It is a little surreal that my overriding worry for the upcoming Eat-Pray-Row should be pirates. The idea seems so sixteenth century. They should long ago have been relegated to history, along with lacy ruffs and codpieces. But piracy is alive and kicking and dominating the Arabian Sea. The issue even merits its own entry in Wikipedia.
I started my investigations last week, after hearing about the tragic shooting of four Americans on board the yacht Quest, and the subsequent cancellation of this year’s Blue Water Rally. Since then there have been further incidents involving a Dutch couple and a Danish family.
So what to do? My challenge is to ensure that I respond appropriately to the threat. Not over-react, but at the same time not to tempt fate.

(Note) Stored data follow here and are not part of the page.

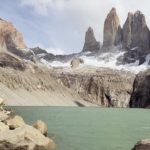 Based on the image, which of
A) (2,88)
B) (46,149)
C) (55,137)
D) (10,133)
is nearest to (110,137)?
(55,137)

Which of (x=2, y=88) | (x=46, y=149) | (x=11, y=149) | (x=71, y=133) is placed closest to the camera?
(x=11, y=149)

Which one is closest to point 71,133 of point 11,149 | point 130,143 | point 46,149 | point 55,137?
point 55,137

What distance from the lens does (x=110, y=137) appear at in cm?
5044

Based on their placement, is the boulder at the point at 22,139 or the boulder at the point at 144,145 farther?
the boulder at the point at 22,139

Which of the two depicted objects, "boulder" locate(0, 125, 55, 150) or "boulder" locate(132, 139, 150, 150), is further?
"boulder" locate(0, 125, 55, 150)

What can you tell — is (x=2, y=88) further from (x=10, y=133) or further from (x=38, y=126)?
(x=10, y=133)

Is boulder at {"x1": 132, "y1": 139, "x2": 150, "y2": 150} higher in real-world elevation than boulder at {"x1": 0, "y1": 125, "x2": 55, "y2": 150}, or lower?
higher

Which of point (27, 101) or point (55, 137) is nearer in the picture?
point (55, 137)

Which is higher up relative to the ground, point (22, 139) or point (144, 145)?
point (144, 145)

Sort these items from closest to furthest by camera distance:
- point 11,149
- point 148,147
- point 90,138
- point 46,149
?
point 148,147, point 11,149, point 46,149, point 90,138

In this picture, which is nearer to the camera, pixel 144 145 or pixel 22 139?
pixel 144 145

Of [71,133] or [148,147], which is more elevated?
[148,147]

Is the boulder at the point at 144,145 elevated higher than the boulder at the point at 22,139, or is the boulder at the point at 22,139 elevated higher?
the boulder at the point at 144,145

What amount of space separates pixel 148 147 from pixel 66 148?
508 inches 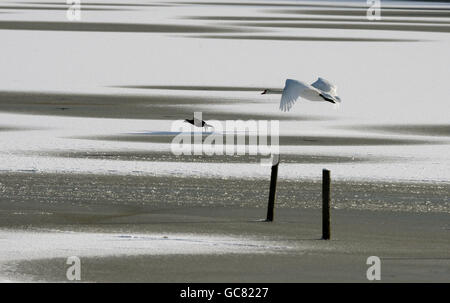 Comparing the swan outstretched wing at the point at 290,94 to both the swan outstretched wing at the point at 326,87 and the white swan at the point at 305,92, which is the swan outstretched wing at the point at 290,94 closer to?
the white swan at the point at 305,92

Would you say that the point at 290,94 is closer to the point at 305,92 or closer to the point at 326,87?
the point at 305,92

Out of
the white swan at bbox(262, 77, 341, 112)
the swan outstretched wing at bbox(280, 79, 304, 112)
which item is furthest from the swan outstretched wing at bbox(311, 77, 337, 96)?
the swan outstretched wing at bbox(280, 79, 304, 112)

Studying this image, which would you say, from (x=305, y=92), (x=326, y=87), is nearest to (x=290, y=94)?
(x=305, y=92)

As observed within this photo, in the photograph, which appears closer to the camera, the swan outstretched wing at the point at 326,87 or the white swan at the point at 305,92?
the white swan at the point at 305,92

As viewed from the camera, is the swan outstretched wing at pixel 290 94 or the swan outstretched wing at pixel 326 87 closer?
the swan outstretched wing at pixel 290 94

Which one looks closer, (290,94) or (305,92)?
(290,94)

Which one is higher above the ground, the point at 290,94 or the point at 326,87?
the point at 326,87

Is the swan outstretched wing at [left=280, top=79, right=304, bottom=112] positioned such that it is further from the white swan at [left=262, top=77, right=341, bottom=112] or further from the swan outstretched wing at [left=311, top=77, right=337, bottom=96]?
the swan outstretched wing at [left=311, top=77, right=337, bottom=96]

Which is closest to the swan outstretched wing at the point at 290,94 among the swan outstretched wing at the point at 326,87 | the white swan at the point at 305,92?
the white swan at the point at 305,92

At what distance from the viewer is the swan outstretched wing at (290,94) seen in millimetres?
18344

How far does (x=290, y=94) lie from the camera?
18375 millimetres

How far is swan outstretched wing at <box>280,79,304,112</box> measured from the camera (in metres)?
18.3

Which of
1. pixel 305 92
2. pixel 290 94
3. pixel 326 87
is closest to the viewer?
pixel 290 94

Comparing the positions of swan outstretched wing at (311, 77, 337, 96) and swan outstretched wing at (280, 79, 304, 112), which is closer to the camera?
swan outstretched wing at (280, 79, 304, 112) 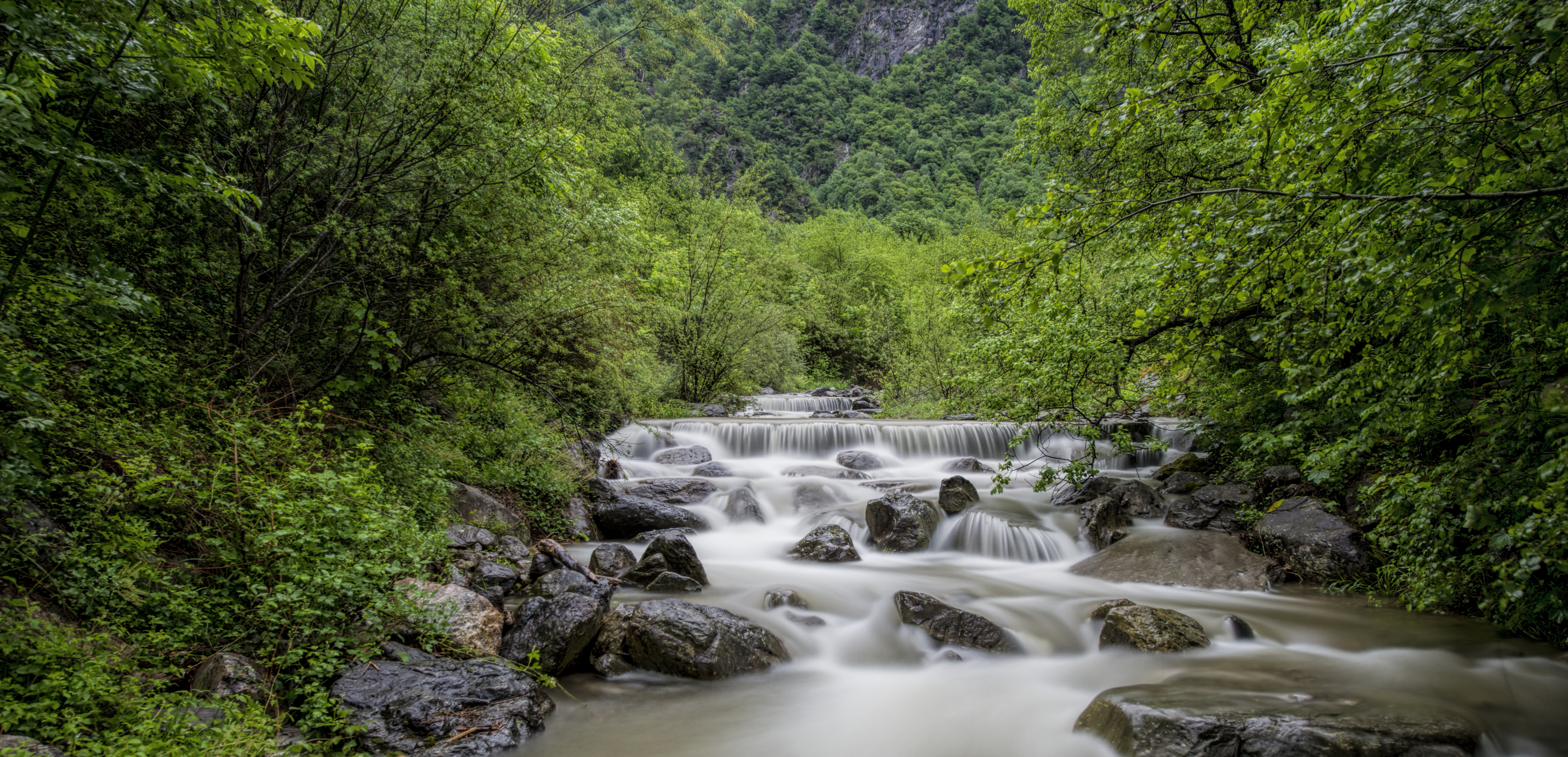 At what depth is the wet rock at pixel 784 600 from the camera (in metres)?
7.05

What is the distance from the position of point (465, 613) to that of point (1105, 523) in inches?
325

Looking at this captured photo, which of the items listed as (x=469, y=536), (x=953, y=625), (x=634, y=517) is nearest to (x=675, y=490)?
(x=634, y=517)

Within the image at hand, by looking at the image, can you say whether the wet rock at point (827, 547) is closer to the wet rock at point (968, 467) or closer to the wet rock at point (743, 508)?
the wet rock at point (743, 508)

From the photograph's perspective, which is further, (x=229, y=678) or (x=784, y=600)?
(x=784, y=600)

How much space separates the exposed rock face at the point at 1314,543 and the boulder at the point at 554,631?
25.4ft

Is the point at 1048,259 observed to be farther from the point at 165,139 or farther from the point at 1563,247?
the point at 165,139

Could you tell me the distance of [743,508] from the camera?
1059cm

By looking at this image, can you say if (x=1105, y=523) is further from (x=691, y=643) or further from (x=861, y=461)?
(x=691, y=643)

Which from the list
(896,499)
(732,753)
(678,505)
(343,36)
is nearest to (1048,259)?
(732,753)

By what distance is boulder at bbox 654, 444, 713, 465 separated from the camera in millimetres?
13453

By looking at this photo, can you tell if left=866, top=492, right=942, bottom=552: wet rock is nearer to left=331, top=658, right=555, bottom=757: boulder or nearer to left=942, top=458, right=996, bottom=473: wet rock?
left=942, top=458, right=996, bottom=473: wet rock

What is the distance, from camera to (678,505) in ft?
Answer: 34.8

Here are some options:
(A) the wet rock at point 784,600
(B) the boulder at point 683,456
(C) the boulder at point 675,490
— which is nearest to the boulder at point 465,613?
(A) the wet rock at point 784,600

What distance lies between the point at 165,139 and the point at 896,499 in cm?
903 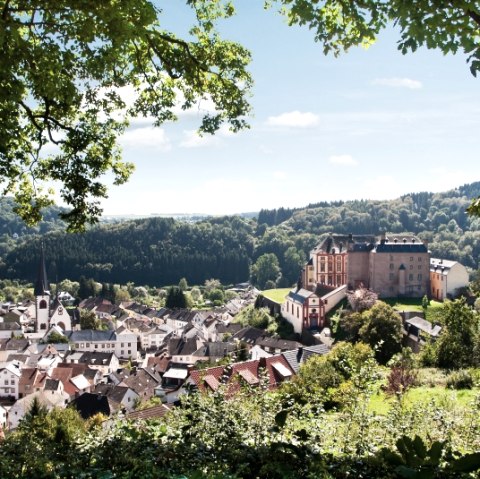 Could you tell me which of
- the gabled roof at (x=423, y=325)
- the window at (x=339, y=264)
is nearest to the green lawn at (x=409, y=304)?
the gabled roof at (x=423, y=325)

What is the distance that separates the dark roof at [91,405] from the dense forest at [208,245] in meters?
82.8

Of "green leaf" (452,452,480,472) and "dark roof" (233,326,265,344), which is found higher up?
"green leaf" (452,452,480,472)

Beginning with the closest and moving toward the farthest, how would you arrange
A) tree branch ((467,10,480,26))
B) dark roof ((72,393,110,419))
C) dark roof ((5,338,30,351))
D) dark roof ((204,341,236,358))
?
tree branch ((467,10,480,26))
dark roof ((72,393,110,419))
dark roof ((204,341,236,358))
dark roof ((5,338,30,351))

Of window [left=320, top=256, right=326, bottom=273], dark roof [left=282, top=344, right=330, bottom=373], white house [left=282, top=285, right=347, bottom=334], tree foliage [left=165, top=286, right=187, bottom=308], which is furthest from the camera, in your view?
tree foliage [left=165, top=286, right=187, bottom=308]

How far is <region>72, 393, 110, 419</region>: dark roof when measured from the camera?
29.8 m

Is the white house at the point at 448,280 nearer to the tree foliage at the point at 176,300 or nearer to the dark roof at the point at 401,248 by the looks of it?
the dark roof at the point at 401,248

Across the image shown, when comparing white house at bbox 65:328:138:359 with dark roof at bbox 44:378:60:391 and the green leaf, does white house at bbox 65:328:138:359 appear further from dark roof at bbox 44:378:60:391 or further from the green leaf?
the green leaf

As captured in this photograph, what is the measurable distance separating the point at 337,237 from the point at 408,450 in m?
51.0

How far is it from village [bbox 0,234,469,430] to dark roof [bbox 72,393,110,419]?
6cm

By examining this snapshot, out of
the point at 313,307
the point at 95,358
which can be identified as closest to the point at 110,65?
the point at 313,307

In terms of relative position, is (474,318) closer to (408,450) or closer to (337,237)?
(408,450)

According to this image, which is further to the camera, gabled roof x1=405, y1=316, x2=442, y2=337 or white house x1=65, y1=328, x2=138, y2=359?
white house x1=65, y1=328, x2=138, y2=359

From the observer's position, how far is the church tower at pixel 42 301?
224 ft

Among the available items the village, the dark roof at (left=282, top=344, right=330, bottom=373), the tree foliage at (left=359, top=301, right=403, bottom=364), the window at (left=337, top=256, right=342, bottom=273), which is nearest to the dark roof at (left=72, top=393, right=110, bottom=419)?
the village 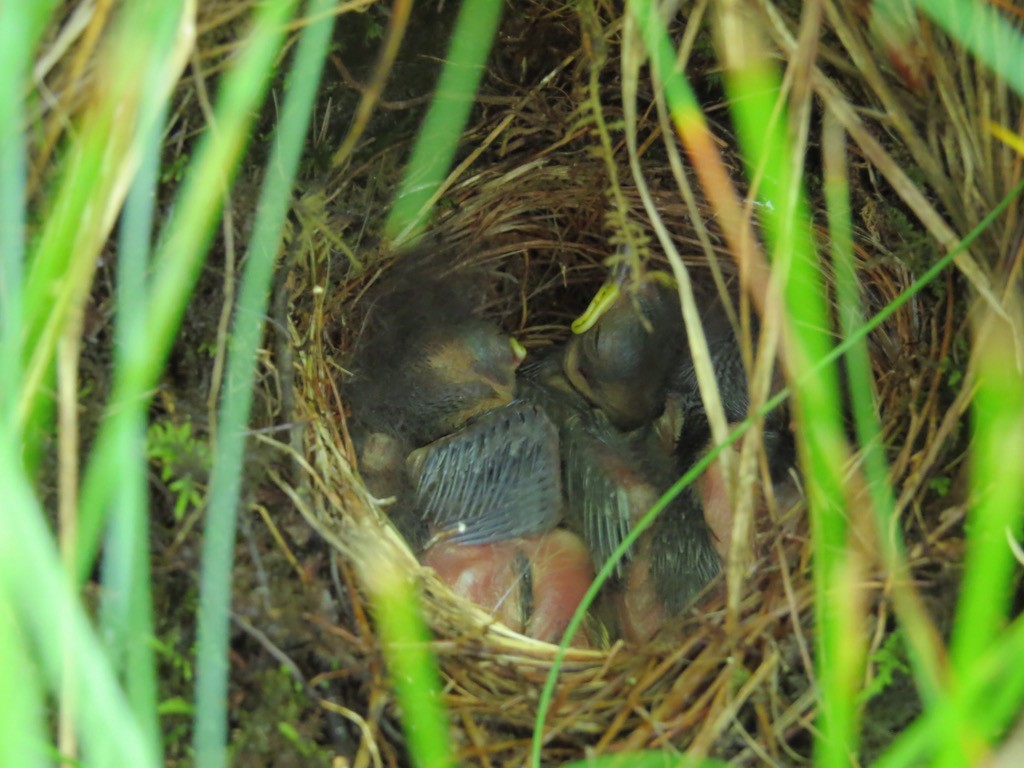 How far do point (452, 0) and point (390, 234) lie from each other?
354 mm

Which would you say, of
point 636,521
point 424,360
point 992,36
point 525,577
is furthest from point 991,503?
point 424,360

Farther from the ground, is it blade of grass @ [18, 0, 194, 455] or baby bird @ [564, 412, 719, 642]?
blade of grass @ [18, 0, 194, 455]

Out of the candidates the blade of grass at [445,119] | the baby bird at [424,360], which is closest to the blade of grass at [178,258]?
the blade of grass at [445,119]

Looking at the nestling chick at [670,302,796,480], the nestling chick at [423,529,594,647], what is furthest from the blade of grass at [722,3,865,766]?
the nestling chick at [423,529,594,647]

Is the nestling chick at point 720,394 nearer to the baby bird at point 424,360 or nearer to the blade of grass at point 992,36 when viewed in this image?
the baby bird at point 424,360

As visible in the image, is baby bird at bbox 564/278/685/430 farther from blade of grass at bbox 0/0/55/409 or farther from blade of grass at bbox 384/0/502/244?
blade of grass at bbox 0/0/55/409

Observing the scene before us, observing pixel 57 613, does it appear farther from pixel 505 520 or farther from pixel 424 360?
pixel 424 360

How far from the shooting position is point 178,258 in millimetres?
786

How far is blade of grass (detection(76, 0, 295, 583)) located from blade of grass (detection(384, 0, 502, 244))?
15.7 inches

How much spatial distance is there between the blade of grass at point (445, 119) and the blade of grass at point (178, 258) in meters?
0.40

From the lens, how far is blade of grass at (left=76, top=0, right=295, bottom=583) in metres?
0.75

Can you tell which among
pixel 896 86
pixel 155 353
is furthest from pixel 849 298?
pixel 155 353

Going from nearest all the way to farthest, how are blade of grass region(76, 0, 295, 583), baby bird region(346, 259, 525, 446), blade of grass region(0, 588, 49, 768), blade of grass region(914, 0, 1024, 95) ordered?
blade of grass region(0, 588, 49, 768), blade of grass region(76, 0, 295, 583), blade of grass region(914, 0, 1024, 95), baby bird region(346, 259, 525, 446)

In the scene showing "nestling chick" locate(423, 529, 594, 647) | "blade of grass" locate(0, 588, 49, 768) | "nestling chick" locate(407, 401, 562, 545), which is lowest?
"nestling chick" locate(423, 529, 594, 647) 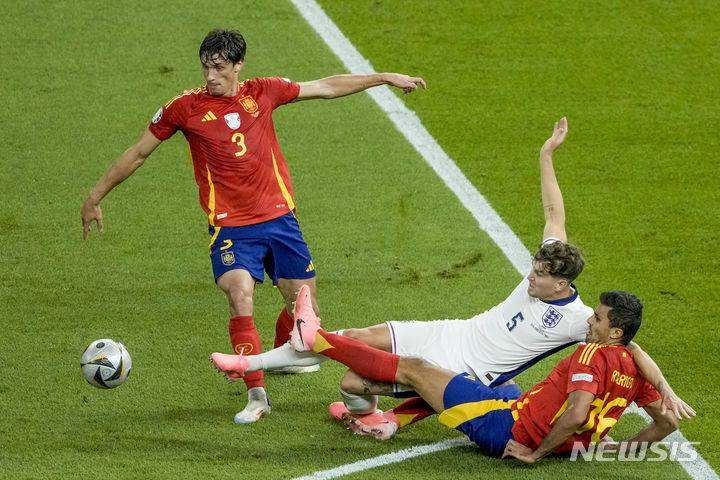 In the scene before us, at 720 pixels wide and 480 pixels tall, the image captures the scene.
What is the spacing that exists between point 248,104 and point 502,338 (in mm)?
1947

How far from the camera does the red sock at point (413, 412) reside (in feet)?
19.1

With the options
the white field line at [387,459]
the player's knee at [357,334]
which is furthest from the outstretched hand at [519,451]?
the player's knee at [357,334]

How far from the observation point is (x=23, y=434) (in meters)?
5.80

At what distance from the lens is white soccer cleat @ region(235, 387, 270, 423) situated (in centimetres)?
598

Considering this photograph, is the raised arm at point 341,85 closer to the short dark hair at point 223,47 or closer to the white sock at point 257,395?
the short dark hair at point 223,47

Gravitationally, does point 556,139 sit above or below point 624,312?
above

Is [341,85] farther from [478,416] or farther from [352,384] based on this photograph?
[478,416]

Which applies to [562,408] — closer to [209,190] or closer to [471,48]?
[209,190]

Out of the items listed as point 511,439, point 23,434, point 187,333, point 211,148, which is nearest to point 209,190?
point 211,148

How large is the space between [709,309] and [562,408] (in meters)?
2.24

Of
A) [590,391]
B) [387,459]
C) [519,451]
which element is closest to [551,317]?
[590,391]

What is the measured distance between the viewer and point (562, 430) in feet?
17.3

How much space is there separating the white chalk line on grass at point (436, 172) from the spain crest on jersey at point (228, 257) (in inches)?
51.9

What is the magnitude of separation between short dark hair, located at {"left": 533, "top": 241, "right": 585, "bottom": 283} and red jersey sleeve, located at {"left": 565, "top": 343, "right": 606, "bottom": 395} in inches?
15.8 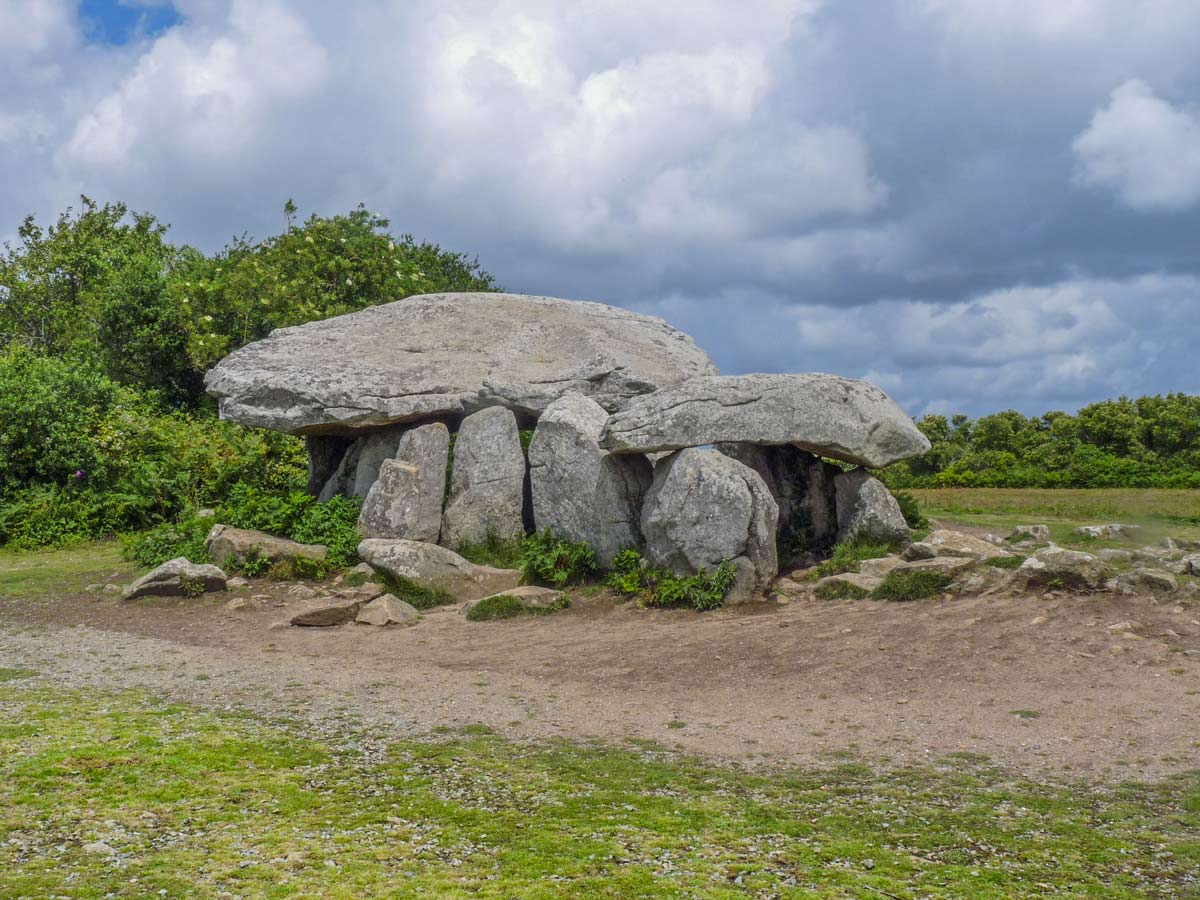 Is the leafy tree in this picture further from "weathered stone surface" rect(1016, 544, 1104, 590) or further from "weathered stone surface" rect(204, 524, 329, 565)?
"weathered stone surface" rect(1016, 544, 1104, 590)

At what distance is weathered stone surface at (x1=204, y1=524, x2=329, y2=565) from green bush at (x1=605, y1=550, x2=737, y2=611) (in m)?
5.92

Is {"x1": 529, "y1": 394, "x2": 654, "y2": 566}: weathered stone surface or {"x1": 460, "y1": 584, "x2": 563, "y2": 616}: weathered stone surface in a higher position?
{"x1": 529, "y1": 394, "x2": 654, "y2": 566}: weathered stone surface

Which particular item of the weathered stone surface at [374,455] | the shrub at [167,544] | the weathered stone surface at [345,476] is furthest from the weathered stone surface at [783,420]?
the shrub at [167,544]

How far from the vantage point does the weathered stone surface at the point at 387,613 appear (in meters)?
16.0

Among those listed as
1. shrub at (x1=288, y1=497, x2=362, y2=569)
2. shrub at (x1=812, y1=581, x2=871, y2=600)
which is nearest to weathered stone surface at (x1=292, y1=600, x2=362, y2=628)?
shrub at (x1=288, y1=497, x2=362, y2=569)

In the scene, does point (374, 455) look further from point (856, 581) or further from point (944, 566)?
point (944, 566)

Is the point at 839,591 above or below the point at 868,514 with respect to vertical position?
below

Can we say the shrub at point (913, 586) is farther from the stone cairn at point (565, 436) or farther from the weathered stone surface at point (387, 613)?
the weathered stone surface at point (387, 613)

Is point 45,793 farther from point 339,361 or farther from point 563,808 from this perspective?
point 339,361

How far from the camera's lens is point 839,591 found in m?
15.7

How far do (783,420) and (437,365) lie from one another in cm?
797

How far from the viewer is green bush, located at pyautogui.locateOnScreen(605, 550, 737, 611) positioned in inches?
627

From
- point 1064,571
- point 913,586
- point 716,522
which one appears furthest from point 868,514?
point 1064,571

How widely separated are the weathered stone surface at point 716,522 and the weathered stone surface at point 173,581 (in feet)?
25.3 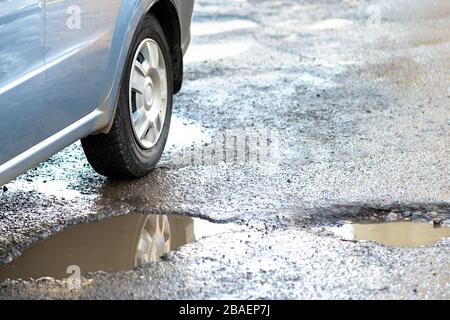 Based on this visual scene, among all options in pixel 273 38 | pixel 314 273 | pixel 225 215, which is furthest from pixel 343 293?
pixel 273 38

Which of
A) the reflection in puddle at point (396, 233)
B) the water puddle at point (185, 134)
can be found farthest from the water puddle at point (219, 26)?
the reflection in puddle at point (396, 233)

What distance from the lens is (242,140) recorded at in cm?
589

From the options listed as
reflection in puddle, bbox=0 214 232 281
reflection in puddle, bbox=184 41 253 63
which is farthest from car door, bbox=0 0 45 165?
reflection in puddle, bbox=184 41 253 63

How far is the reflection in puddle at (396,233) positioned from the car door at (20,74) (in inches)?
62.3

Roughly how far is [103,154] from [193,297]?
4.71 ft

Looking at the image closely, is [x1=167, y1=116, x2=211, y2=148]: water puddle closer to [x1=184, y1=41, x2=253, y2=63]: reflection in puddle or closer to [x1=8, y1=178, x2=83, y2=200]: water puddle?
[x1=8, y1=178, x2=83, y2=200]: water puddle

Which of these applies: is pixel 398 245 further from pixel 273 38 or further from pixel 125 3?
pixel 273 38

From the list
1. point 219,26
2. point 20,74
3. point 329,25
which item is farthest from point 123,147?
point 329,25

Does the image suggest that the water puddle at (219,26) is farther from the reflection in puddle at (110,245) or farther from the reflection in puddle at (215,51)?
the reflection in puddle at (110,245)

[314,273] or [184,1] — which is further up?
[184,1]

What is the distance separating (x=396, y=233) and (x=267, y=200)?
75cm

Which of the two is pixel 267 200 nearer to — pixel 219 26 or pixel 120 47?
pixel 120 47

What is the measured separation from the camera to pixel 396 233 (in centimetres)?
443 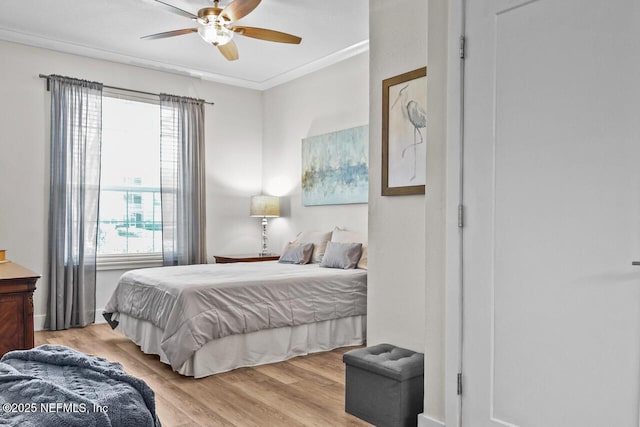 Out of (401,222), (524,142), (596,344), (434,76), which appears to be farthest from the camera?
(401,222)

I’ve been exchanging emails with various experts in the field. I was surprised to find out how many piracy consultants there are, both in independent consultancies and in departments associated with big companies like Shell Oil and Maersk Shipping. I was also surprised, and horrified, to find out the scale of the problem. It is estimated that over 700 people are currently being held hostage by pirates. I had already been aware of pirate activity in the Indian Ocean, but the situation seems to be escalating rapidly.
You might think that pirates would not be interested in a tiny ocean rowboat. But they might form the mistaken impression that I might be worth a ransom. You and I know otherwise, but they might not. And unfortunately these pirates are not Johnny Depp, aka Captain Jack Sparrow. They are ruthless and desperate.
The most extreme advice I received suggested that I abandon my plans for the Indian Ocean altogether, or at least postpone indefinitely. My feeling is that the situation is unlikely to improve over the coming few years, and may worsen, so if I am to do the Indian Ocean it should be sooner rather than later.
But my original destination of Mumbai is now out of the question. In order to line myself up for that port, I would have to loop a long way west to make allowance for the westerly winds in the Arabian Sea. That would take me within a few hundred miles of the Somali coast, right through the centre of pirate territory. Not a good idea.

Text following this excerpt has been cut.